Consistent interpolations between ‘attractor’ points also enable fabricators to make intuitive decisions about design requirements for individual parts by referencing the local conditions of the field. This helps eliminate accumulative error and simplifies documentation requirements.
5. Analogous modelling
Fologram carving experiment
Benefits: Anticipates and incorporates fabrication challenges in order to minimize error
Considerations: Counterintuitive modelling process
Analogous modelling means utilizing design modelling tools that produce the same digital forms as tasks performed by the fabricator. A good example of this is modelling designs that are going to be created with a hand held hot wire tool by iteratively booleaning the sweeping geometries that make up each individual cut that a fabricator will make from stock material. The advantage of analogous modelling is that these modelling steps are also used to explicitly describe fabrication tasks in mixed reality, improving task communication and thereby reducing error.
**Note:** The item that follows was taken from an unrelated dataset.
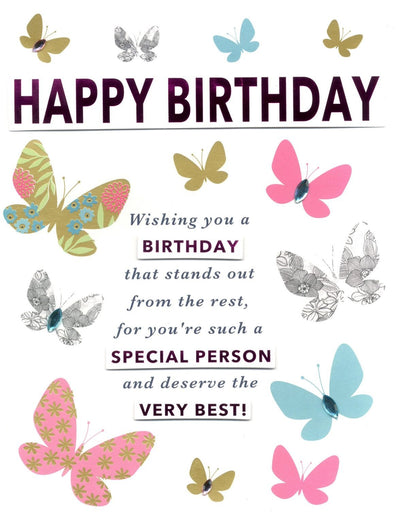 Jumbo Birthday Card with Butterflies - Lemon And Lavender Toronto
This design approach works extremely well for mixed reality fabrication, but requires an acute understanding of fabrication techniques and processes and some iteration between design modelling and physical experimentation. It also limits the tools that are at a designers disposal as many modelling tools do not have 1:1 physical analogues (e.g. many of the clay sculpting tools in zbrush are not actually possible in reality).
6. Physical simulations
Tallinn Pavilion prototype
Considerations: Relatively complex modelling process
Physical simulations can be used to approximately model material behaviour and thereby avoid the possibility of digitally modelling forms that cannot be physically fabricated using intended techniques (e.g. steam bending timber imposes limitations on maximum bend and twist radii). By constraining digital designs to expected physical forms, designing with physical simulations reduces discrepancies between digital and physical models and improves fabrication precision by providing more exact representation of expected geometry.
Physical simulations for design are most useful if the physical properties of the material are expected to have a significant impact on the resulting formed shapes e.g. elastic bending, inflating, weaving, wrapping, stretching etc.